# Connexion impossible à iMessage et FaceTime



## Zidakani (4 Mai 2022)

Bonjour
Je n'arrive plus à me connecter à iMessage et FaceTime sur Mac alors que je suis connecté sur iPhone. Je me connecte à iCloud sur Safari sans problème. 
Voir capture d'écran pour iMessage.

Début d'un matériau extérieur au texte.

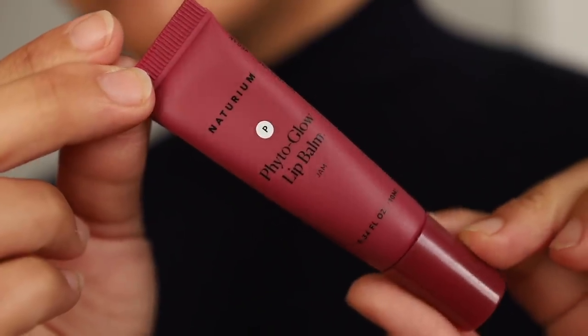On the subject of lip balm, Naturium came out with a new lip balm and it feels so good. It's made with vegan lanolin and has a metal top that's cooling on your lips. The color is Jam, but it sheers out so it's not intense — kind of like the Miracle Balm but a bit thicker. So if you have really dry lips, it's fantastic.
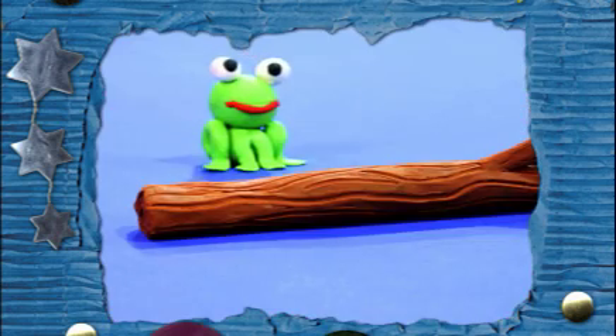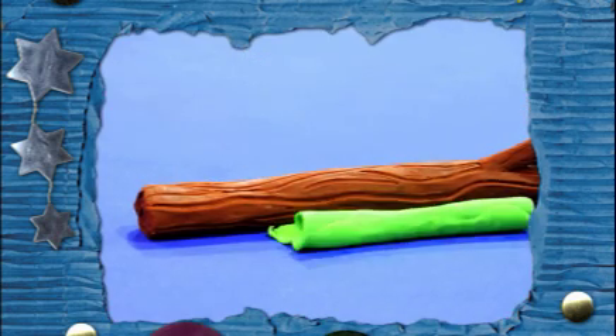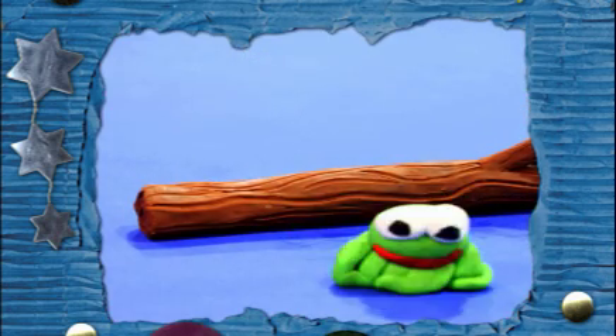Keep moving and changing your frog a little and taking new snaps. When you play all the pictures back quickly on your camera, it looks like your froggy is changing all by himself.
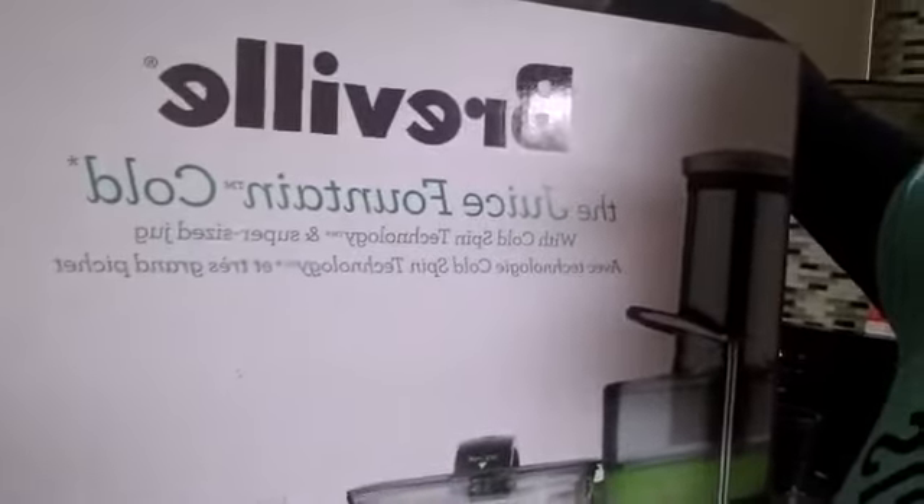The Breville Juice Fountain Cold. So I purchased this — well, this was purchased at Best Buy. I actually went to the Best Buy near me, Peachtree City Best Buy, and purchased this. They had other ones but what caught my eye was when it said the Juice Fountain Cold, so I was like, oh okay, so my juice is going to be a little cold — that's good.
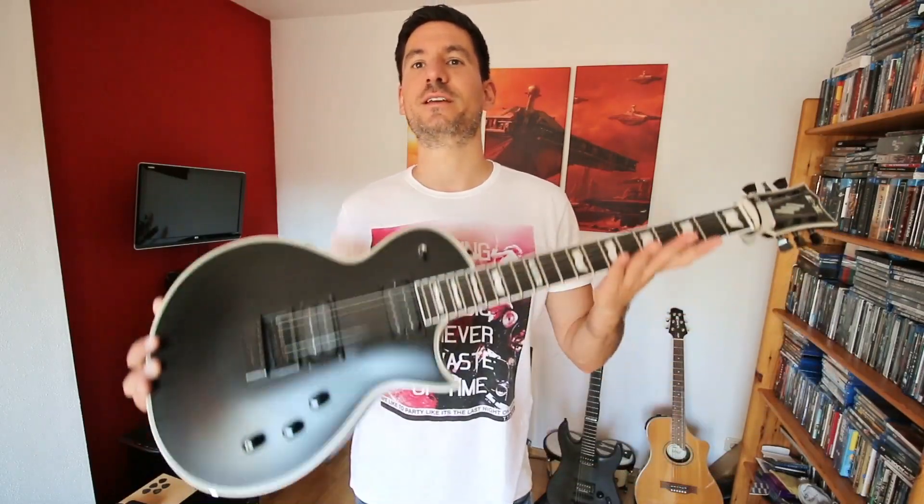Hey guys, today we will have a look at my brand new ESP E-II Eclipse Evertune.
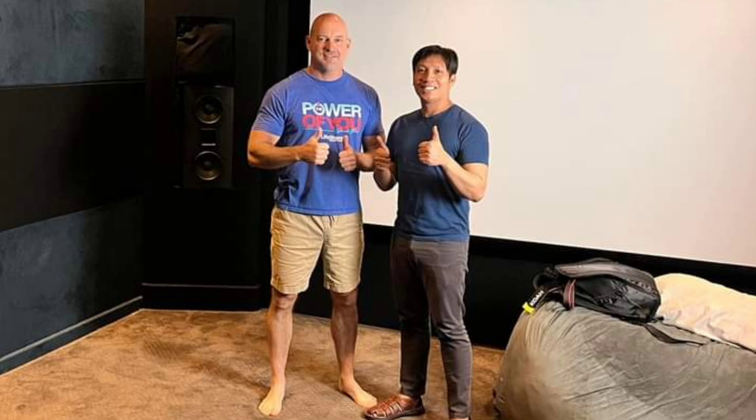Wayne: First off, I'd like to say it's been really a blast coming over here. It's awesome to check out your theater and see you for the first time after many years of being friends. Your theater is really good — it's one of the best theaters I've been in. The sound is great; we were testing so many demos yesterday and I really enjoyed watching here.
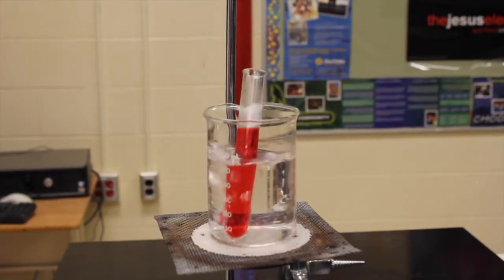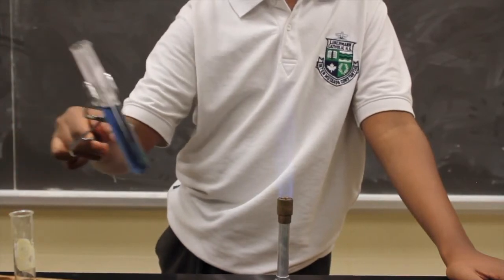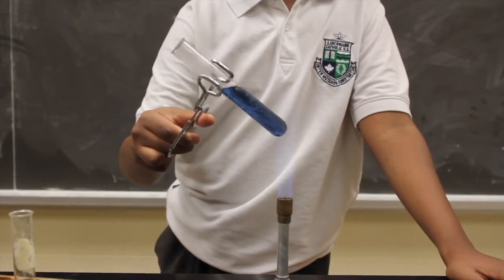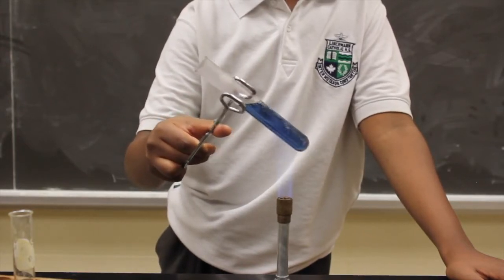However, the test tube could also be heated directly with the Bunsen burner. Hold the test tube on an angle away from yourself and others. Move it back and forth to heat it up evenly.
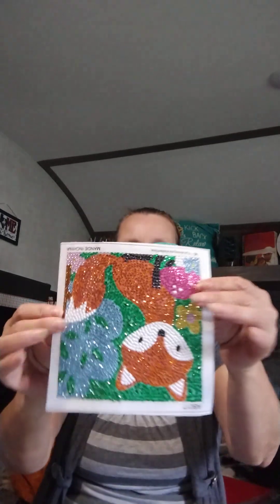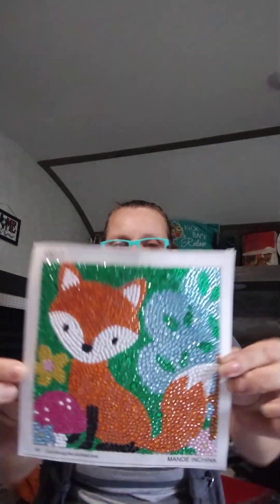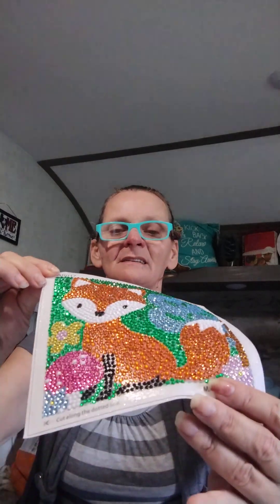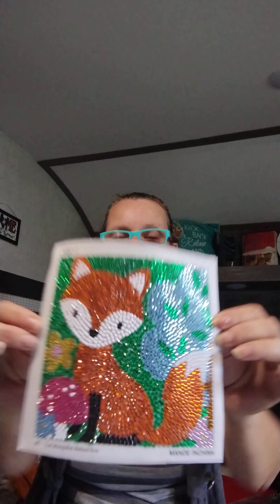Hey everybody, guess what — I finished my first bubble round! It is a very small one, just a nibble of a bite. It is all rhinestone — look at that shine! This is called a bubble round because there are big and little rhinestones in here. These are ones I ordered off Tomoo. I had plenty of diamonds, big and small. You can see this big diamond right here, and there are blue ones too — you can really tell in person, it's just glittery.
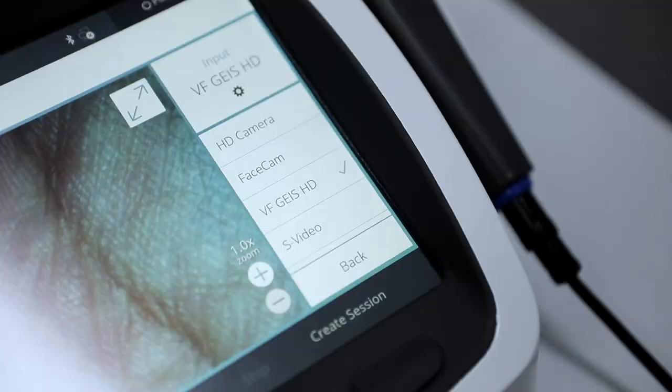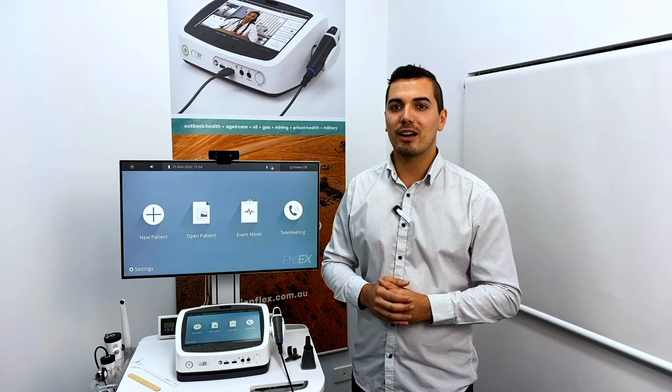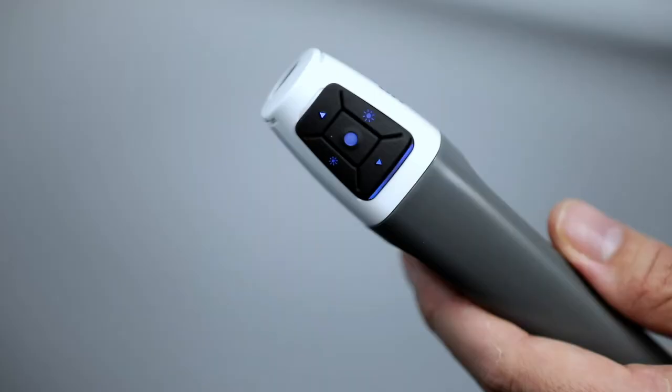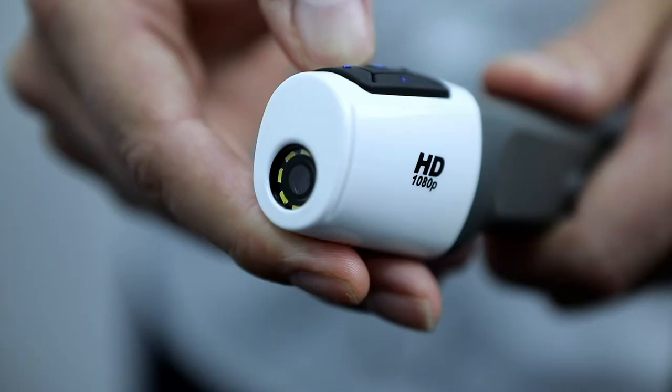Alternatively, you can refresh the input by holding the input button down on the Pro EX screen for five seconds until you hear a single beeping noise. You can also change the brightness of the LED lights by pushing the two light symbol buttons on the left and right sides of the camera.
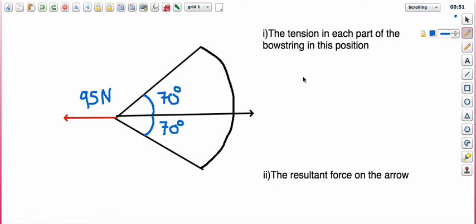This is to do with balanced forces. The bow at the moment is in what we call equilibrium, meaning all the forces on it are balanced. We can use this to help us work out problems. If we find the horizontal components of these parts of the string, we know they're going to be equal to the 95 newtons.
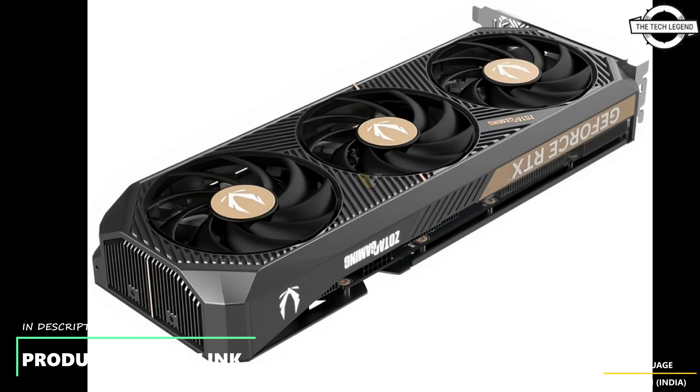Only the Solid 3.5-slot model has a 3x8-pin to 16-pin power connector. If you liked my video, please like, share, and comment, and don't forget to subscribe to my channel and press the bell icon.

Après plusieurs essais infructueux, iMessage me force à changer de mot de passe iCloud.
J'ai redémarré mon iPhone comme proposé dans l'aide de Apple sans succès.
Avez-vous un conseil à me donner ?
Merci


----------



## pickwick (5 Mai 2022)

Bonjour
1) fermez la session iCloud complètement sur iPhone et Mac,
2) à partir du Mac, aller sur le site Apple pour manager votre identifiant Apple
3) vérifier que toutes vos données de contact et de double authentification sont correctes et changer le mot de passe de votre identifiant Apple et si vous avez déjà une adresse en xxxxx@me.com ou xxxxx@icloud.com, profitez en pour changer votre identifiant Apple (s'il n'est pas déjà comme cela, par exemple s'il est en Gmail ou Outlook)
4) dans les préférences systèmes du Mac, reconnectez vous à iCloud avec vos nouvelles données (nouveau mot de passe et peut être aussi nouvel ID)
5) idem sur iPhone, dans Réglages, paramètres iMessages
6) connectez vous à iMessage avec votre iPhone et cocher la possibilité d'utiliser l'ID Apple
7) aller sur le Mac et dans Messages  et ses préférences pour vous connecter avec l'ID Apple et verifier que le numero de téléphone y est bien arrivé aussi et que vous avez coché la synchronisation iCloud

Bon courage


----------



## Zidakani (9 Mai 2022)

Bonjour
Un grand merci pour votre aide. J'ai suivi la procédure et cela à bien marché.
Cependant un nouveau problème est apparu. Mon dossier "documents" est vide sur mon Mac et pas dans iCloud avec safari. Mes icônes de bureau ont aussi disparues.
Je suis enseignant et j'y ai mis tous mes documents de travail. Pour l'instant, je me dépanne avec une sauvegarde de mes documents sur clé usb. J'aimerais bien que mes documents se télécharge à partir du icloud sur mon Mac comme avant. Or je ne peut plus les télécharger sur mon Mac. L'icone du petit nuage est inactive.
Pouvez-vous m'aider ?
Cordialement


----------



## Zidakani (9 Mai 2022)

Désolé fausse alerte. 
Mes documents se téléchargent de nouveau. 
C'est l'icône de téléchargement inactive qui m'a inquiété.
Un grand merci pour votre aide


----------